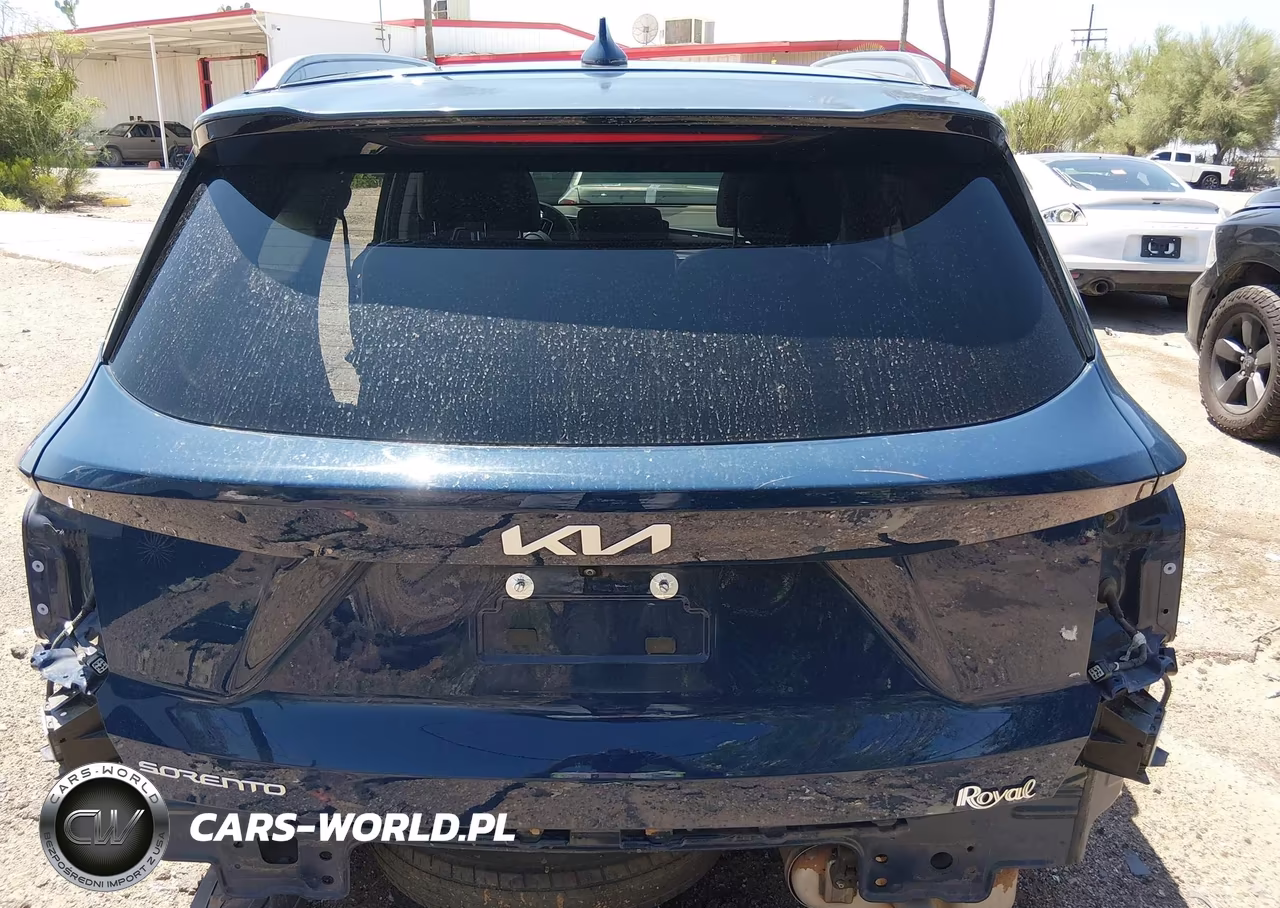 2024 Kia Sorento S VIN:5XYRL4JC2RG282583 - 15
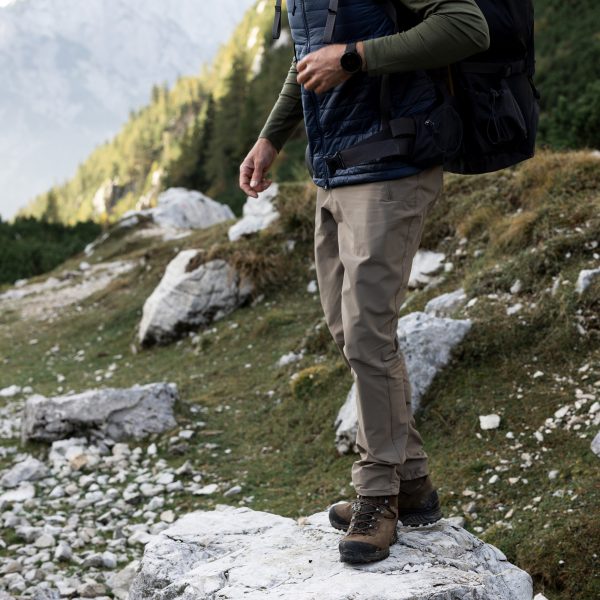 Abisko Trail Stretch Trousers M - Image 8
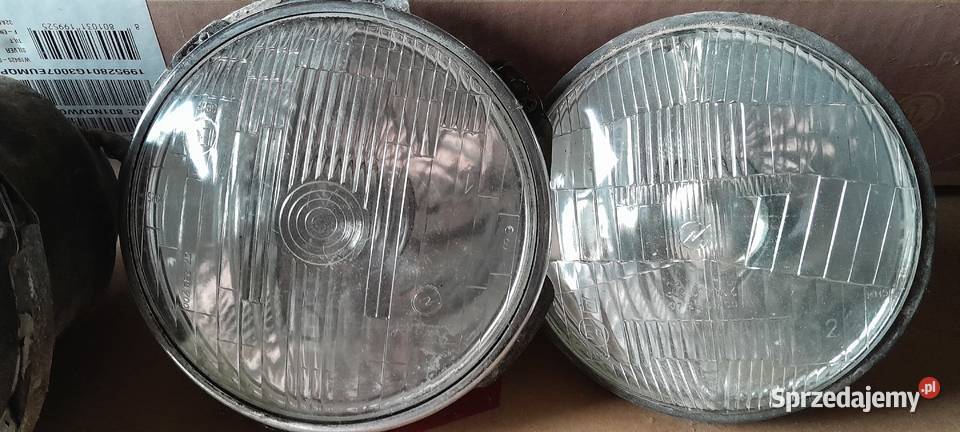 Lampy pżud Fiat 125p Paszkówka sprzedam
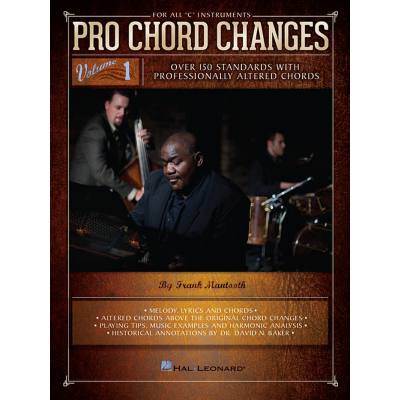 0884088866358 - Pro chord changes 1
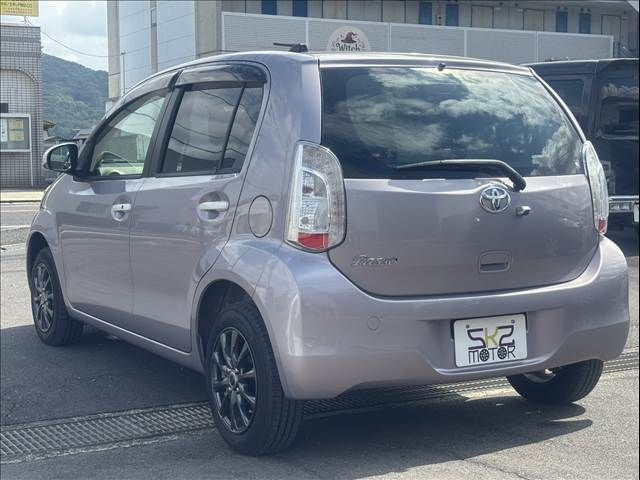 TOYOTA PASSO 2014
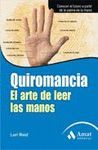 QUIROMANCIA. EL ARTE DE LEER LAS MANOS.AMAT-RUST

...

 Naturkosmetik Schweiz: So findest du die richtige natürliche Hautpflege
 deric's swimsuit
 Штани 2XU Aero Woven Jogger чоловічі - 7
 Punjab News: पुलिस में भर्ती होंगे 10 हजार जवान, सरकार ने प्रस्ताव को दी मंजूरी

▶ **Exercise objective**:
Going by the data above, give back only the lines from the one containing "2024 Kia Sorento" through the one containing "QUIROMANCIA. EL ARTE", exactly as they stand, both ends included and no images.

▶ **Answer to this exercise**:
 2024 Kia Sorento S VIN:5XYRL4JC2RG282583 - 15
 Abisko Trail Stretch Trousers M - Image 8
 Lampy pżud Fiat 125p Paszkówka sprzedam
 0884088866358 - Pro chord changes 1
 TOYOTA PASSO 2014
 QUIROMANCIA. EL ARTE DE LEER LAS MANOS.AMAT-RUST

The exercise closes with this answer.